AIM OF THE EXERCISE:
Transcribe each record below word for word.

RECORDS FOR THE EXERCISE:
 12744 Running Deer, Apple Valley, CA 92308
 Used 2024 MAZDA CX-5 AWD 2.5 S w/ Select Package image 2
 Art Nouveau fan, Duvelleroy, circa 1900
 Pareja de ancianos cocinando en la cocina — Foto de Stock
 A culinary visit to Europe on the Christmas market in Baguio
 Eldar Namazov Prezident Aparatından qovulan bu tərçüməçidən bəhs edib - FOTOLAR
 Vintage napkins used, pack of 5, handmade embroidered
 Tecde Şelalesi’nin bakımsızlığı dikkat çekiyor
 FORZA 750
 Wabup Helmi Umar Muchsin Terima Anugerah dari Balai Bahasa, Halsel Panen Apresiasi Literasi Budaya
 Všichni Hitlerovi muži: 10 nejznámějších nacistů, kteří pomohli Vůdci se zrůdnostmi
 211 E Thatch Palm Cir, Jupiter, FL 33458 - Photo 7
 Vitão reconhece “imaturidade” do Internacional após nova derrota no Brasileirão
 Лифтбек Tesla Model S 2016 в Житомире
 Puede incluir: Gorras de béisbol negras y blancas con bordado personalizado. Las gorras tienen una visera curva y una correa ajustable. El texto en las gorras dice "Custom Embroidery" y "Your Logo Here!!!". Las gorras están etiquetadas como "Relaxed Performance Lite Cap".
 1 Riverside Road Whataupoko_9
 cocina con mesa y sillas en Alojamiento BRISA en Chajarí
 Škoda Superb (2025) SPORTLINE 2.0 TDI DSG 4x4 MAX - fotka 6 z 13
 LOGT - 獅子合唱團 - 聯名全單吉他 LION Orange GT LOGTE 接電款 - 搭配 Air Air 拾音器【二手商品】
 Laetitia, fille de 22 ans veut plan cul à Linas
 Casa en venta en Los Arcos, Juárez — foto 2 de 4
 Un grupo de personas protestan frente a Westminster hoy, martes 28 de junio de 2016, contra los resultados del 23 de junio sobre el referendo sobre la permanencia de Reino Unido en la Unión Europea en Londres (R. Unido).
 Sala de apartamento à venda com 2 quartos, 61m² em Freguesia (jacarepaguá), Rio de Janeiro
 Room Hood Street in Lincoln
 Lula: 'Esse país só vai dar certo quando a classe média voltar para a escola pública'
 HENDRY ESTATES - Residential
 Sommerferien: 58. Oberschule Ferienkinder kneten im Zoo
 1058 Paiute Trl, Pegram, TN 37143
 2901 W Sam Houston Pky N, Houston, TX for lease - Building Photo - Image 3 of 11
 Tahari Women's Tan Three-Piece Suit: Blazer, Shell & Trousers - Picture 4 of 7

EXERCISE SOLUTION:
 12744 Running Deer, Apple Valley, CA 92308
 Used 2024 MAZDA CX-5 AWD 2.5 S w/ Select Package image 2
 Art Nouveau fan, Duvelleroy, circa 1900
 Pareja de ancianos cocinando en la cocina — Foto de Stock
 A culinary visit to Europe on the Christmas market in Baguio
 Eldar Namazov Prezident Aparatından qovulan bu tərçüməçidən bəhs edib - FOTOLAR
 Vintage napkins used, pack of 5, handmade embroidered
 Tecde Şelalesi’nin bakımsızlığı dikkat çekiyor
 FORZA 750
 Wabup Helmi Umar Muchsin Terima Anugerah dari Balai Bahasa, Halsel Panen Apresiasi Literasi Budaya
 Všichni Hitlerovi muži: 10 nejznámějších nacistů, kteří pomohli Vůdci se zrůdnostmi
 211 E Thatch Palm Cir, Jupiter, FL 33458 - Photo 7
 Vitão reconhece “imaturidade” do Internacional após nova derrota no Brasileirão
 Лифтбек Tesla Model S 2016 в Житомире
 Puede incluir: Gorras de béisbol negras y blancas con bordado personalizado. Las gorras tienen una visera curva y una correa ajustable. El texto en las gorras dice "Custom Embroidery" y "Your Logo Here!!!". Las gorras están etiquetadas como "Relaxed Performance Lite Cap".
 1 Riverside Road Whataupoko_9
 cocina con mesa y sillas en Alojamiento BRISA en Chajarí
 Škoda Superb (2025) SPORTLINE 2.0 TDI DSG 4x4 MAX - fotka 6 z 13
 LOGT - 獅子合唱團 - 聯名全單吉他 LION Orange GT LOGTE 接電款 - 搭配 Air Air 拾音器【二手商品】
 Laetitia, fille de 22 ans veut plan cul à Linas
 Casa en venta en Los Arcos, Juárez — foto 2 de 4
 Un grupo de personas protestan frente a Westminster hoy, martes 28 de junio de 2016, contra los resultados del 23 de junio sobre el referendo sobre la permanencia de Reino Unido en la Unión Europea en Londres (R. Unido).
 Sala de apartamento à venda com 2 quartos, 61m² em Freguesia (jacarepaguá), Rio de Janeiro
 Room Hood Street in Lincoln
 Lula: 'Esse país só vai dar certo quando a classe média voltar para a escola pública'
 HENDRY ESTATES - Residential
 Sommerferien: 58. Oberschule Ferienkinder kneten im Zoo
 1058 Paiute Trl, Pegram, TN 37143
 2901 W Sam Houston Pky N, Houston, TX for lease - Building Photo - Image 3 of 11
 Tahari Women's Tan Three-Piece Suit: Blazer, Shell & Trousers - Picture 4 of 7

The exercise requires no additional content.